One tip I learn from making consistent mistakes was to re read a paper after a day later so I will read my paper without any notion of my original thoughts. This technique allows me to catch more mistakes with ease. I also found that this process works well whenever I come upon a sentence that I struggle to make sense the first read through, allowing me to redo the sentence to make it flow better on paper. This overall improvement correlates with Outcome 3, and my writing became a lot better overall.

Writing different genres was a new skill I had to acquire during my time in English 101. From writing script to research papers to film reviews, I grew more accustomed to the different styles of writing I was exposed to. One example includes my script for a cooking show that incorporates Proust’s madeleine cookies from his excerpt of Remembrance of Things Past. I started my script with an opening narration by saying “Narrator- Hello folks and welcome to the Jonathan Lung’s Cooking Show.” Another types of genre writing I had also done include writing a voice over. In my paper “How Morgan Freeman would narrate the opening scene of Eat Drink Man Woman”, I made many humorous comments throughout the paper including “An arsenal of knives. Anger issues. Real play-doh” during a scene where the chef was preparing an exotic dish. Most of my revision was done for the Final Anthology Project. However, one of the newest genres I had to learn was writing a proposal. In my food blog proposal, I spent a lot of time trying to start my paper in the proper way. After talking to fellow peers and advisors, I realized the start of the proposal must be direct and to the point. I wrote, “I am going to explore the nature of beer and wine and their place in society”, which meets the criteria of being direct and to the point. These skills I learned correlated with Outcome 1.
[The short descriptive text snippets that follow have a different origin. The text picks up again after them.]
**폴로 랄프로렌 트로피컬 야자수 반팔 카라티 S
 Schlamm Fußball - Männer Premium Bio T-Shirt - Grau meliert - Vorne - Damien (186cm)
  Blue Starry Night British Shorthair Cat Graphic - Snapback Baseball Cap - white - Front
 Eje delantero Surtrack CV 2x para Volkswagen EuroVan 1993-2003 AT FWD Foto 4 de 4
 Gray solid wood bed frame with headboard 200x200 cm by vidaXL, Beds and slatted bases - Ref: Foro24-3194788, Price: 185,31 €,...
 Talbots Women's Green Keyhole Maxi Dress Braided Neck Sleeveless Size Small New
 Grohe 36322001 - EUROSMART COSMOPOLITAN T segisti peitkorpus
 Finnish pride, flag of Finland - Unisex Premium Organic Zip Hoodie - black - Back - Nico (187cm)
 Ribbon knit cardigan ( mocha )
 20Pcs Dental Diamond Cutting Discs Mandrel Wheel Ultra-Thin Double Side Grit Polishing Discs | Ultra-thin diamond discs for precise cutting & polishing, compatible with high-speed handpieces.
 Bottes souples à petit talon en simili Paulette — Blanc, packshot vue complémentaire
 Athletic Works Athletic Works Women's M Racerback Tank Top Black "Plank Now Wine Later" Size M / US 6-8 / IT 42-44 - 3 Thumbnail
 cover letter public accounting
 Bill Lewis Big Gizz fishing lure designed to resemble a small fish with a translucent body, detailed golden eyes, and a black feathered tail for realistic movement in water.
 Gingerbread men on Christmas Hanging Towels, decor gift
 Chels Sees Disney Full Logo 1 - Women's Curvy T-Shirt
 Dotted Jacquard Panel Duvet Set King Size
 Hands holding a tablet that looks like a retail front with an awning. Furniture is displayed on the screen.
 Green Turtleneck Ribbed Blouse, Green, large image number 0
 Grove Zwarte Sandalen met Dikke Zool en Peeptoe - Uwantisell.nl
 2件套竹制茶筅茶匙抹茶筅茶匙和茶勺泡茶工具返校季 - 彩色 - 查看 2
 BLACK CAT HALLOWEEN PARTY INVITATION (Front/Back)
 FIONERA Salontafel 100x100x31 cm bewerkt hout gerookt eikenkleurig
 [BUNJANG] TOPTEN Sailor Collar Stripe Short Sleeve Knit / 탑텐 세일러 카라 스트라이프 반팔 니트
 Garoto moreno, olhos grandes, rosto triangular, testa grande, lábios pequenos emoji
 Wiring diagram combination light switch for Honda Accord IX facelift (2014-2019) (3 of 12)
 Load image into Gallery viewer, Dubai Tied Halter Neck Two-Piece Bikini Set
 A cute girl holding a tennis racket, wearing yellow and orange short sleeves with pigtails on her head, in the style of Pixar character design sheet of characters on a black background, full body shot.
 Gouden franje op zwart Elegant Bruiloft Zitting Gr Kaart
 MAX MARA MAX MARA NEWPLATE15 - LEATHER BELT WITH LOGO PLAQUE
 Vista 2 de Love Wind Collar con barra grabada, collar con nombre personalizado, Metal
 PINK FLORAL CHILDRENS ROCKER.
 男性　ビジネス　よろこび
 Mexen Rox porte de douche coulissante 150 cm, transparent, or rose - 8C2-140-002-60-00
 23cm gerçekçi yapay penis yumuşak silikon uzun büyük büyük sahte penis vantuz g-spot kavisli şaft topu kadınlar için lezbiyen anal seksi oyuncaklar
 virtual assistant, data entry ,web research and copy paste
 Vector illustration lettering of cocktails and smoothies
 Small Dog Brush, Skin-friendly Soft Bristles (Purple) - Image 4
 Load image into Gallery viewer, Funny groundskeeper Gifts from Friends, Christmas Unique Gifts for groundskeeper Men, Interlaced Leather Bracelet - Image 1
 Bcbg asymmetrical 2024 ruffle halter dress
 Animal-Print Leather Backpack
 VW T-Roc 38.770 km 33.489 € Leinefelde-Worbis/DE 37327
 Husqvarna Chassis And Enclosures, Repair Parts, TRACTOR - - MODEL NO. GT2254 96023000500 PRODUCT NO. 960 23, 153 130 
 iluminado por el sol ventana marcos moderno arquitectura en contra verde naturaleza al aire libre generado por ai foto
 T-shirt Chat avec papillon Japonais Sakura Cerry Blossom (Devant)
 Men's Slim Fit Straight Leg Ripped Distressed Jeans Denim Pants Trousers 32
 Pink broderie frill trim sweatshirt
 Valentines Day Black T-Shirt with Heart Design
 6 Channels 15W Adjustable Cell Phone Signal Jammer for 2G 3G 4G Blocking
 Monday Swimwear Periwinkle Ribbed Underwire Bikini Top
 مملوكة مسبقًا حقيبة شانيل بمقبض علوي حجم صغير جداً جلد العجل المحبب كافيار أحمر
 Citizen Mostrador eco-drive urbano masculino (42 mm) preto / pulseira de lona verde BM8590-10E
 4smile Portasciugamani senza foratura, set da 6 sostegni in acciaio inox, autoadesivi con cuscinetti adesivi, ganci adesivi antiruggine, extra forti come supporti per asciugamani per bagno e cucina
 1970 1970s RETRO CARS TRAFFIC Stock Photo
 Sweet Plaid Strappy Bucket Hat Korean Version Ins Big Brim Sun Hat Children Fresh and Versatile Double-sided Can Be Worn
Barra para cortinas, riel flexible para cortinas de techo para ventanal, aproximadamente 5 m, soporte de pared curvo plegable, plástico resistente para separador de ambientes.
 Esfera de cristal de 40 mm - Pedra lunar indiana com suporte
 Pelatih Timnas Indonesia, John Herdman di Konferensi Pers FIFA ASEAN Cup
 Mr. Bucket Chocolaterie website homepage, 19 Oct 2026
Writing for the food blog assignment was the most challenging assignment throughout the semester. I had to incorporate different forms of genre, work on many drafts and revision, and last, but not least, critical thinking much like Outcome 2’s objective. I worked on all five of my food blogs for the longest time, planning out how I want to utilize the material and convey the best possible message. I included three types of genre of writing: research papers, film reviews, and an interview. The research papers and film reviews were easy to master since I did many of them during high school but the interview process was very new. I did not realize how tough it is to do the interview and process the information in a reflection paper. One of my main struggles was I did not know how to start the paper. After many revisions and drafts, I wrote out what I believe is the best way to start the paper, by saying “Interviewing a local brewer who loves making his own beer gave me insight to the American’s culture and passion for the beer they drink.” I provided enough information to hook the people and give a good statement as to where my paper will be going. I continue to expand upon this by ending my introduction with my thesis statement, saying “During my interview, we discussed many topics including how he got into making beer and if he likes beer over wine.” I analyzed the information and did a critical analysis on one of my other research blog by saying “Beer’s worldwide influences have shaped many societies’ culture and social norm where drinking beer is sociably acceptable.” Outcome 2 was the one I really improved on the most during this assignment.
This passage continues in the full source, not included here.